Com mais de 10 provedores comunitários na bagagem, Marcelo Saldanha, do Instituto Bem Estar Brasil, conta que o medo de que a fiscalização da Anatel (Agência Nacional das Telecomunicações) batesse à sua porta só morreu em 2017. Até lá, o caminho foi tenso.

Apenas empresas poderiam ser provedores de internet até 2007, quando a agência criou uma licença voltada a prefeituras, chamada de Serviço Limitado Privado-Prefeituas (SLP). No ano seguinte, o órgão editou uma norma regulamentando o uso de equipamentos de radiação restrita, como os roteadores de wi-fi. Marcelo, que já mantinha uma pequena rede comunitária em Campos dos Goytacazes, viu aí uma chance de regulamentá-la.

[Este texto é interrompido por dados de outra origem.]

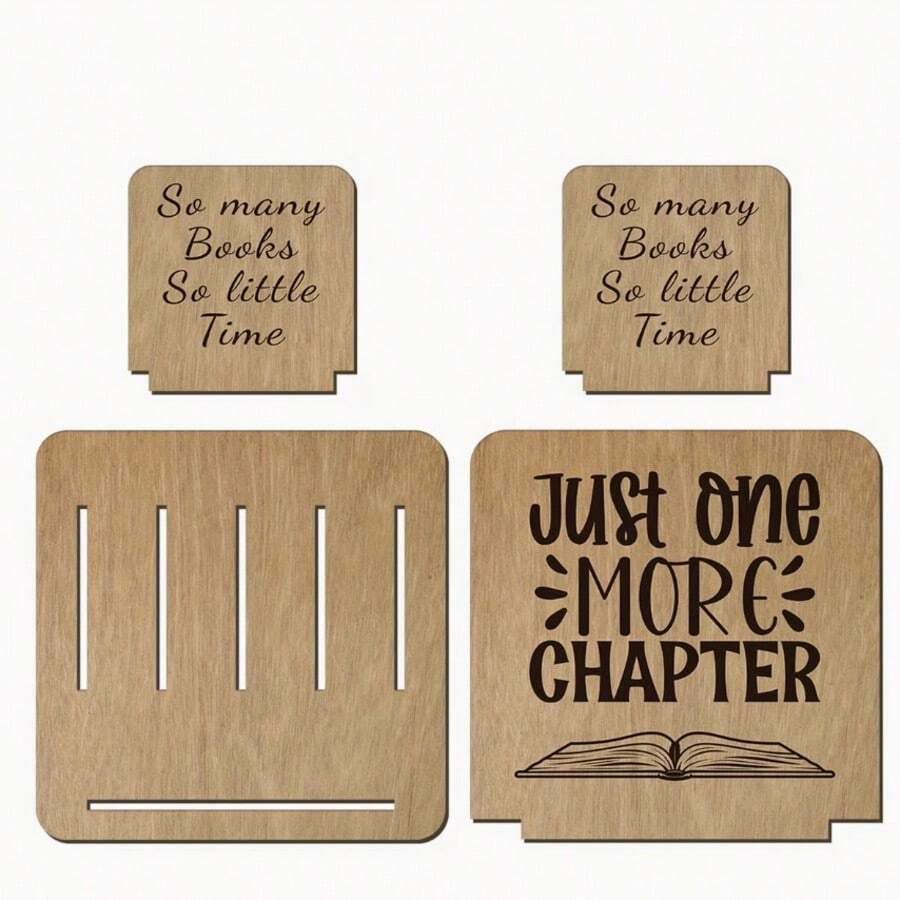 A Wooden Bookend - Vintage Style, Suitable For Bedside Table And Desk, Perfect Gift For Readers, Includes "Read One More Chapter" Design, Book Lover Gift - A - View 1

Contatou a Anatel, que deu aval a sua rede.

Se a polícia batesse na nossa porta para me prender, eu diria: 'olha, eu tenho isso aqui e consegui com a Anatel'.
Marcelo Saldanha

O temor era ser enquadrado como serviço clandestino de telecomunicação, como ocorreu com pequenos provedores no interior do Brasil. Isso dá prisão por até quatro anos e multa. Ainda assim, ele só possuía uma carta informal, não uma licença emitida pela Anatel. Em 2013, a agência permitiu que entidades sem fins lucrativos tirassem o SLP, e o frio na barriga diminuiu. Mas não foi embora.

Antes de instalar uma antena que fosse, era preciso cumprir algumas burocracias, como cadastrar a estação junto a Anatel e apresentar projeto técnico assinado pelo Conselho Regional de Engenharia e Agronomia (Crea). A exigência só caiu em 2017.

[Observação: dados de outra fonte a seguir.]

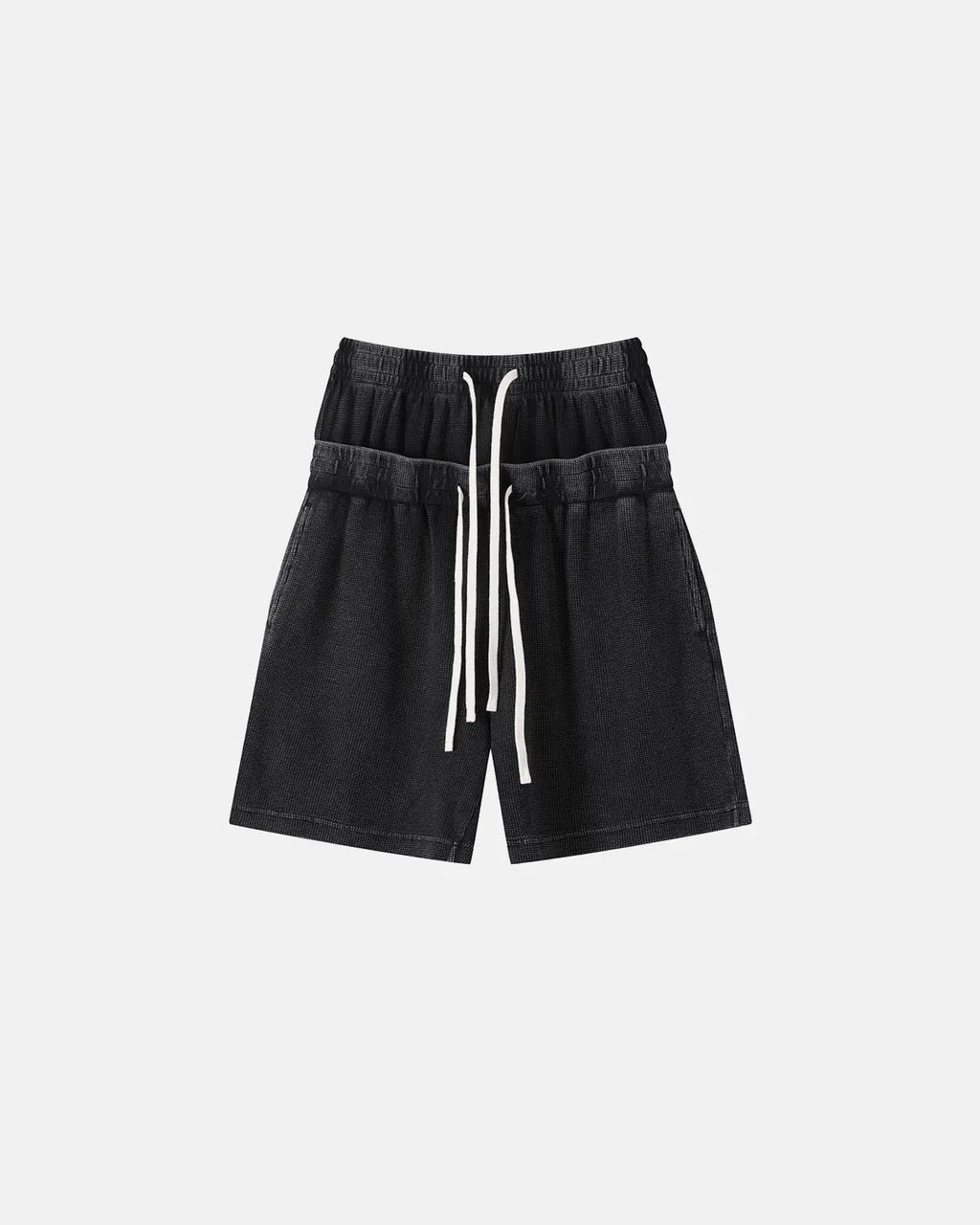 Inflation Streetwear acid wash waffle shorts with double waist design, casual men's pants in a relaxed, streetwear style.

"À medida que os custos caem e a burocracia é reduzida, a proposta da rede comunitária não é só garantir acesso a informação mas também soberania sobre a informação. Nenhum modelo comercial dá essa liberdade de decidir qual é a taxa de upload, quais serviços locais consumirão mais recursos computacionais ou como privacidade e liberdade de expressão serão protegidas. Seguindo as regras impostas pelo mercado, você sempre será consumidor", diz Saldanha.

Felipe Roberto de Lima, gerente de regulação da Anatel, diz que hoje o medo é menor. "Em um cenário em que você pode ser prestador sem o aval do regulador, é mais complicado falar que alguém está atuando irregularmente sem autorização. Hoje, o processo para oferecer serviço de banda larga nesse sentido se resume a uma notificação no site da Anatel, sem custos ou ônus regulatório".

Mesmo estando mais fácil criar essas redes, o que todos concordam é que elas não são uma solução para reduzir a exclusão digital no Brasil, são apenas paliativos. Ações em âmbito nacional são necessárias para diminuir essa distância.